Il trattamento è costoso?
“Poiché la vitamina D è molto economica e corrisponde al 95% del trattamento, il costo mensile varia da 10 € a 30 € a seconda della dose giornaliera somministrata. Ciò contrasta con i 3.000-5.000 € al mese del costo dei trattamenti convenzionali. Inoltre, la vitamina D elimina il 100% di attività della malattia in quasi tutti i casi, mentre gli altri farmaci bloccano al massimo il 30%, secondo l’industria farmaceutica stessa”.

Come si acquisiscono le malattie autoimmuni?
“Nella mia esperienza credo che, fondamentalmente, sono necessari tre fattori: resistenza genetica agli effetti benefici della vitamina D, storia di bassa esposizione al sole e stress emotivo. La letteratura indica che l’85% dei focolai di sclerosi multipla sono preceduti da uno stress emotivo, che può essere causato da situazioni che vanno dalla separazione dei genitori fino alla morte improvvisa di una persona cara, passando attraverso rotture emozionali e la pressione causata dallo studio”.

Qual è l’incidenza di queste malattie in Brasile?
“Non abbiamo un numero esatto, ma sappiamo che l’incidenza è aumentata notevolmente negli ultimi anni proprio perché le persone sono meno esposte al sole. Risultati questi che hanno sollevato la curiosità dei ricercatori in relazione alla vitamina D. Essi hanno scoperto che la frequenza di queste malattie a livello dell’equatore era molto inferiore rispetto ai paesi lontani dai tropici. Siccome la principale differenza ambientale in funzione della latitudine è la disponibilità di radiazioni solari e quindi la produzione di vitamina D, hanno iniziato a studiare l’importanza di questo ormone per la salute umana. Per il tipo di vita che abbiamo oggi, risulta che non stiamo esposti al sole abbastanza a lungo”.

Qual è il tempo sufficiente?
“Circa 20 minuti di esposizione al sole, con le braccia e le gambe scoperte e senza protezione solare, sono in grado di produrre 10.000 unità di vitamina D. Dopo aver raggiunto un quantitativo doppio, la produzione di vitamina D cessa. È interessante notare che questa situazione è in contrasto con le raccomandazioni delle agenzie internazionali, che attualmente indicano ai medici di prescrivere integrazioni di solo 600 unità al giorno. Perché il corpo umano produce 10.000 unità se in realtà ne necessita di meno? Queste 600 unità non sono in grado di risollevare una carenza di vitamina D in una persona adulta”.

Perché la raccomandazione è così bassa?
“Qui entriamo nel campo delle speculazioni, ma il fatto è che la vitamina D è un prodotto naturale e quindi non può essere brevettato, non importa all’industria farmaceutica”.

Alle stesso modo che la vitamina D è importante, esiste una nevrosi in relazione all’esposizione solare? Dopo tutto, è sano tutto ciò?
“La nostra unica fonte fisiologica di vitamina D è il sole, e, paradossalmente, il momento in cui questo ormone è prodotto dal corpo coincide esattamente con il momento in cui la radiazione solare è più forte e che, se eccessiva, può causare il cancro della pelle. Ma 20 minuti senza protezione solare (perché praticamente blocca la produzione di questo ormone) porteranno al corpo solo benefici.

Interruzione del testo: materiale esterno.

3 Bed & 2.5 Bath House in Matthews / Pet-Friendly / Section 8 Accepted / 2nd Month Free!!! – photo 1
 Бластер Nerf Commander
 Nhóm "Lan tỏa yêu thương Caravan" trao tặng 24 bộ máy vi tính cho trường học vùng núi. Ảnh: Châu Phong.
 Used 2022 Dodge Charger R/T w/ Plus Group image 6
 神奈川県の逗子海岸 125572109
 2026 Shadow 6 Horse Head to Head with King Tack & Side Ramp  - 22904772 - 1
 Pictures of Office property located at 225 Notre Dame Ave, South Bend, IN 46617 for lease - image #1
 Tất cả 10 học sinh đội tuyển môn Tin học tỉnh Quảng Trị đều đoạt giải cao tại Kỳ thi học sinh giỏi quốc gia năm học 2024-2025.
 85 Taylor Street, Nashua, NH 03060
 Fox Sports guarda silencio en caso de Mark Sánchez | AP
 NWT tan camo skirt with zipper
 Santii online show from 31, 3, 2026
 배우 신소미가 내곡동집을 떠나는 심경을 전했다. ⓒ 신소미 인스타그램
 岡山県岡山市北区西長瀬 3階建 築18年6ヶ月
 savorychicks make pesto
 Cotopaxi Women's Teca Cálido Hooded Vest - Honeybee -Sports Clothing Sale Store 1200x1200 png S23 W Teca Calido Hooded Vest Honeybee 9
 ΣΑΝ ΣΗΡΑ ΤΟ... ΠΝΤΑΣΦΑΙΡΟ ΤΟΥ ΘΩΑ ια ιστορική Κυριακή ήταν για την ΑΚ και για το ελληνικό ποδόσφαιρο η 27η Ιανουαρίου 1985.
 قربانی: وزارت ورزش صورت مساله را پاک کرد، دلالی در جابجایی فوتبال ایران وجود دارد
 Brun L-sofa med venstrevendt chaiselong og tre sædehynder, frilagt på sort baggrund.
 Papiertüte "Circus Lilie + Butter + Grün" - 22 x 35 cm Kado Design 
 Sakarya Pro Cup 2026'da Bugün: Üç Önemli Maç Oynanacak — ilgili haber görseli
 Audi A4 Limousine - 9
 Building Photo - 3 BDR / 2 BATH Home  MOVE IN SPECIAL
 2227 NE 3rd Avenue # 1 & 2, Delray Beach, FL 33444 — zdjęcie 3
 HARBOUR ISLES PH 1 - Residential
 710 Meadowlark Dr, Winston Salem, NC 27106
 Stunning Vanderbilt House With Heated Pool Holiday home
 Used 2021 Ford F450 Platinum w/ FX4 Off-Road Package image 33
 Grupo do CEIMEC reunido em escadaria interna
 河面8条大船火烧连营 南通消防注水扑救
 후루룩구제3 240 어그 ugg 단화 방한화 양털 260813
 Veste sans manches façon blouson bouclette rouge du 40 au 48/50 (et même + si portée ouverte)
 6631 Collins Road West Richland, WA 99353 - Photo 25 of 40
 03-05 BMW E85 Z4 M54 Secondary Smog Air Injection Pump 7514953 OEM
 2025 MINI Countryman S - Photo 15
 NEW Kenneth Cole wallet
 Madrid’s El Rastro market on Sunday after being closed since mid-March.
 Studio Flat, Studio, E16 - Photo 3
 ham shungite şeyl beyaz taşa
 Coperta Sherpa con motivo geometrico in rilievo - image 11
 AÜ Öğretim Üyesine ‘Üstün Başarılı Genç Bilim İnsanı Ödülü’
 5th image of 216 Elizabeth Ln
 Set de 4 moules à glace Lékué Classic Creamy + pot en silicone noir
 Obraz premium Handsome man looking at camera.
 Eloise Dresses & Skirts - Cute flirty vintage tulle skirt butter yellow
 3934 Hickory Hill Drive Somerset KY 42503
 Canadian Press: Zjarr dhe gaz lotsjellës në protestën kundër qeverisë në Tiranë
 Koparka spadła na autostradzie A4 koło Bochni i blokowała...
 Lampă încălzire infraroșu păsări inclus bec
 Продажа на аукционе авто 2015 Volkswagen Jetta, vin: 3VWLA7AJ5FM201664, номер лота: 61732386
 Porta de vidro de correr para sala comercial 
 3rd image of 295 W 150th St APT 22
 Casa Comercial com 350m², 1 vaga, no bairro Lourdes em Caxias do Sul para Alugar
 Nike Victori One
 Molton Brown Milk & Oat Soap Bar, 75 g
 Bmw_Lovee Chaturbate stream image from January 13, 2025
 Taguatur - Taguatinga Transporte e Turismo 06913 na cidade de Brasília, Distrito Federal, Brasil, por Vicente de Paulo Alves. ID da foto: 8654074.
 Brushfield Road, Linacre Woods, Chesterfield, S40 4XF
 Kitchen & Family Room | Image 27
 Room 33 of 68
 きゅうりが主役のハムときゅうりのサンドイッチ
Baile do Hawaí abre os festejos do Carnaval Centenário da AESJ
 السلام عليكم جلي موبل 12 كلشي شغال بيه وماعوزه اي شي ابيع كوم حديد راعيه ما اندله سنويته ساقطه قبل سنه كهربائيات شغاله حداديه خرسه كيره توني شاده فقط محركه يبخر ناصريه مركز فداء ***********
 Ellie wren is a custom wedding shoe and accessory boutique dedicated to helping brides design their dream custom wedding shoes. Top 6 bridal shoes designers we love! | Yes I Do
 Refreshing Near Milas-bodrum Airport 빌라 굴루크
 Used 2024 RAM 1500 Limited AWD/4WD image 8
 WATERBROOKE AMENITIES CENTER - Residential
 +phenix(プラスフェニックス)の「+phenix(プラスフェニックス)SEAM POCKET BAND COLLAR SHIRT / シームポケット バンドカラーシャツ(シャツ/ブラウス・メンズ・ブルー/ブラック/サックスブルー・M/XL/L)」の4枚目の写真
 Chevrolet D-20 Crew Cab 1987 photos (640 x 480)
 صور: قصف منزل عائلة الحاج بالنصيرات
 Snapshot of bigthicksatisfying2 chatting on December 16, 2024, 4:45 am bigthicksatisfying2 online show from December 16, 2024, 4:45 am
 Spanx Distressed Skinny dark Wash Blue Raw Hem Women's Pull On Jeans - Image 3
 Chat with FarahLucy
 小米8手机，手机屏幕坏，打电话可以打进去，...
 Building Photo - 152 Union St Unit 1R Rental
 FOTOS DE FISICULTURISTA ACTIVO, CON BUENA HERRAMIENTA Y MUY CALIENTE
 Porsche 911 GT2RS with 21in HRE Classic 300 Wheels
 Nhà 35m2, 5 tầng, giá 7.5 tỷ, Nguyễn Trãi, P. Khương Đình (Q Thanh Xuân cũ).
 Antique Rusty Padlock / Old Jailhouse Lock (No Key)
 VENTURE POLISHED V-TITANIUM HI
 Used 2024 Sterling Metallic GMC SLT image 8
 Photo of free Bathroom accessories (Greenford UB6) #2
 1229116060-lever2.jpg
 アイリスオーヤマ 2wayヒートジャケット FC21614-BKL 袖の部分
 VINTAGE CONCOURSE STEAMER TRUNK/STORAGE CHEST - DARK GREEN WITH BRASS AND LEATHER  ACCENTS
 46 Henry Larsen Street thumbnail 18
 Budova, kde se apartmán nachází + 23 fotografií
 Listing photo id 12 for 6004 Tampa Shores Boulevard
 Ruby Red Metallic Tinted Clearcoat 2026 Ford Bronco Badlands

Nessuna singola cellula umana è esclusa dai benefici della vitamina D. In aggiunta alle malattie autoimmuni, la mancanza di questo ormone può causare ipertensione, diabete, cancro e aborti all’inizio della gravidanza, oltre ad essere correlata con malattie neurodegenerative come il morbo di Alzheimer e il Parkinson. Se fosse dato un supplemento di sole 5000 unità per via orale a tutta la popolazione adulta urbana, sarebbe possibile diminuire, dalla notte al giorno, dal 40% al 50% il numero di nuovi casi di cancro. Con questi dati è possibile avere un’idea del disastro per la salute pubblica di avere l’80% della popolazione urbana carente di questa vitamina”.

Qual è una dose sicura di vitamina D per una persona sana?
“L’uso di alte dosi di vitamina D può causare gravi rischi per la salute se non si è sotto controllo di un medico qualificato. Per una persona sana, posso dire senza dubbio che 10.000 unità al giorno non causeranno alcun rischio, anzi. Per coloro che soffrono di qualche malattia autoimmune, la dose può fornire un sollievo parziale, ma non eliminerà il problema. Dosi più elevate possono essere utilizzate, solo se seguiti da un medico”.

¹http://msj.sagepub.com/content/19/2/143.full “if one personalises the situation, I have no doubt that I would urge any relative, who does not have access to a clinical trial of vitamin D, to take vitamin D in the setting described” – Michael Hutchinson Consultant Neurologist, St Vincent’s University Hospital, Newman Clinical Research Professor, University College Dublin, Dublin, Ireland

Intervista in lingua originale:

http://veja.abril.com.br/noticia/saude/cicero-dias-o-medico-que-trata-a-esclerose-multipla-sem-remedio/

Ringrazio Marco Buttazzoni per la traduzione, ho il suo permesso di pubblicare l’intervista. ♣

Cos’è il Protocollo Coimbra?

Il protocollo Coimbra è un protocollo medico di trattamento delle malattie autoimmuni (tra cui la sclerosi multipla) messo a punto dal dott. Cicero Galli Coimbra, medico neurologo, ricercatore e professore all’Università Federale di San Paolo (Brasile).

Il protocollo si basa essenzialmente su alte dosi di vitamina D assunte per via orale e prevede anche un preparato galenico (un mix di vitamine e minerali) e alte dosi di Omega 3.

“La vitamina D è in realtà un ormone che ha 4.500 recettori nelle cellule del sistema immunitario (ciascuno dei quali ha una funzione biologica specifica). Pertanto è il più importante immuno-regolatore che abbiamo a disposizione. Non è un immuno-soppressore. Piuttosto, il sistema immunitario guadagna forza ed efficacia sotto l’effetto della vitamina D, ma diventa incapace di attaccare il corpo stesso”- dott. Coimbra

1) le alte dosi di vitamina D rappresentano il 95% del trattamento. Queste dosi possono essere usate solo sotto controllo medico e di laboratorio, prendendo precauzioni per evitare complicazioni quali la nefrocalcinosi.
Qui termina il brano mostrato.